The latter is a wrapper for the former, running it for each data file in a
directory. The former takes in an edgelist file (such as one of the files in the
/Data
directory) and calculates a number of network-structural
metrics, returning a corresponding output file in the /Results
directory. This file will consist of a single row table with each column holding
the value for a different metric.
Finally, /Code/Plotting
contains the code needed to produce
the figures presented in the associated publication.
This folder, now empty except for the full_pca_simple_demonstration.pdf
, which results from the simple demonstration outlined below, will be the default output folder for figures generated
by the plotting scripts mentioned above.
Running the analysis as instructed results in the generation of a one-line
.csv
result file for each network in the data folder. As mentioned above,
this folder is pre-filled with the metrics we calculated for the paper.
The data files and their randomizations are already provided in the /Data directory. To get a feel for the analysis, we will start with a simple demonstration using the metrics reported in the associated publication.
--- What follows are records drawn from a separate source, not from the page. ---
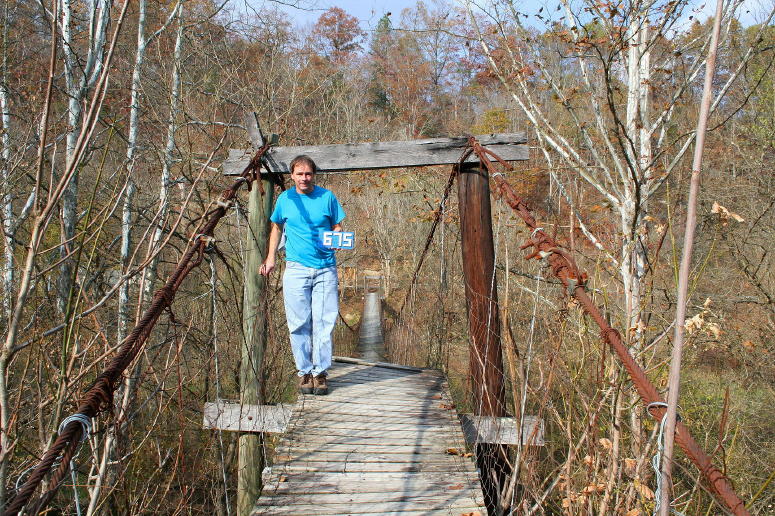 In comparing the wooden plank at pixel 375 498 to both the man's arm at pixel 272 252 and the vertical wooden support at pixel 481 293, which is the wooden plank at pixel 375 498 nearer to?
the vertical wooden support at pixel 481 293

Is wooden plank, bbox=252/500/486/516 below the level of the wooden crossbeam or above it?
below

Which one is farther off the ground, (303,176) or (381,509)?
(303,176)

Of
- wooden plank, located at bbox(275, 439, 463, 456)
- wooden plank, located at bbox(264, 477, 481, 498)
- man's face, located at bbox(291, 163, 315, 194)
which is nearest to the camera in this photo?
wooden plank, located at bbox(264, 477, 481, 498)

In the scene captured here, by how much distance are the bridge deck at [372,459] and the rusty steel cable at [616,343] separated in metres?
0.86

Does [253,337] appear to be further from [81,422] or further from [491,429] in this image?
[81,422]

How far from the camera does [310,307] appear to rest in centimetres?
270

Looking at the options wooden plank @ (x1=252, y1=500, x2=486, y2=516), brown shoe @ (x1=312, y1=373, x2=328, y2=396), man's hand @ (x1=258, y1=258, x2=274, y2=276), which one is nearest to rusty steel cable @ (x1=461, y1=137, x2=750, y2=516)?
wooden plank @ (x1=252, y1=500, x2=486, y2=516)

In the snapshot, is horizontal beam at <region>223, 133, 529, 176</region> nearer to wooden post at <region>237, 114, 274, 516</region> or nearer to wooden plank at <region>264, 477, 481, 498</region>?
wooden post at <region>237, 114, 274, 516</region>

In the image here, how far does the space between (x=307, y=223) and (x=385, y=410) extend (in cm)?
99

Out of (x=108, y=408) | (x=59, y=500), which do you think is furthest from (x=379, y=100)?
(x=108, y=408)

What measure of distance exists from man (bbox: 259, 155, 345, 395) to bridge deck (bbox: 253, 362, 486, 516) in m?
0.32

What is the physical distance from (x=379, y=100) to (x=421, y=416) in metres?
18.0

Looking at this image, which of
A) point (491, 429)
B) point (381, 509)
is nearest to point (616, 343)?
point (381, 509)

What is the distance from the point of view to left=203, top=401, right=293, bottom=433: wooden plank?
2.54 m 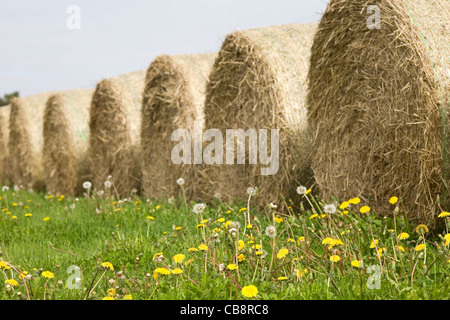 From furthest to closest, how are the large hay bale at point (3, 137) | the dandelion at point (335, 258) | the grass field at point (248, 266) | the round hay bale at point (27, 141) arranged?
the large hay bale at point (3, 137), the round hay bale at point (27, 141), the dandelion at point (335, 258), the grass field at point (248, 266)

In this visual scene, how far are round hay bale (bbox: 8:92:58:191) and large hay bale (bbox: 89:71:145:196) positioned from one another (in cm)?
258

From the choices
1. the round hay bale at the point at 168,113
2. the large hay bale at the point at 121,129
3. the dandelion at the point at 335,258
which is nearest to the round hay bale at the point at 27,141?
the large hay bale at the point at 121,129

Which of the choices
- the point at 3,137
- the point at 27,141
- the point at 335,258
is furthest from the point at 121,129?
the point at 335,258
To start, we will calculate a few structural metrics for each network: the two rightmost (largest real part) eigenvalues (λ₁ and λ₂) and three analytical estimates for these values (a configuration model λ₁, an Erdős–Rényi λ₁, and a Marchenko–Pastur λ₂).
The code
run_simple_demonstration_analysis.R
performs these calculations and produces an output file entitled
SimpleDemo_results.csv
in the /Results
folder.
Our hope is that these metrics will allow us to partition networks by type, and
we can visualize the relative success of this using principal component analysis
(PCA). For this, we turn to the code in the /Code/Plotting
directory.
The key figure for this can be generated using
plot_pca_simple_demonstration.R
which will save a new .pdf
file into the /Figures
folder entitled
pca_simple_demonstration.pdf
.
Other figures can be generated using the
plot_pca_results.R
script, which
constructs the pca space more generally and then calls the relevant
figure-specific code to generate each of the first three figures of the main
text, as well as their analogues in the supplementary information. The data and
figures associated with the Nestedness/Modularity component of the work can be
generated using the
nest_mod_comparison.R
and
pca_only_mod_nest.R
scripts, which will
be being cleaned and annotated over the coming days.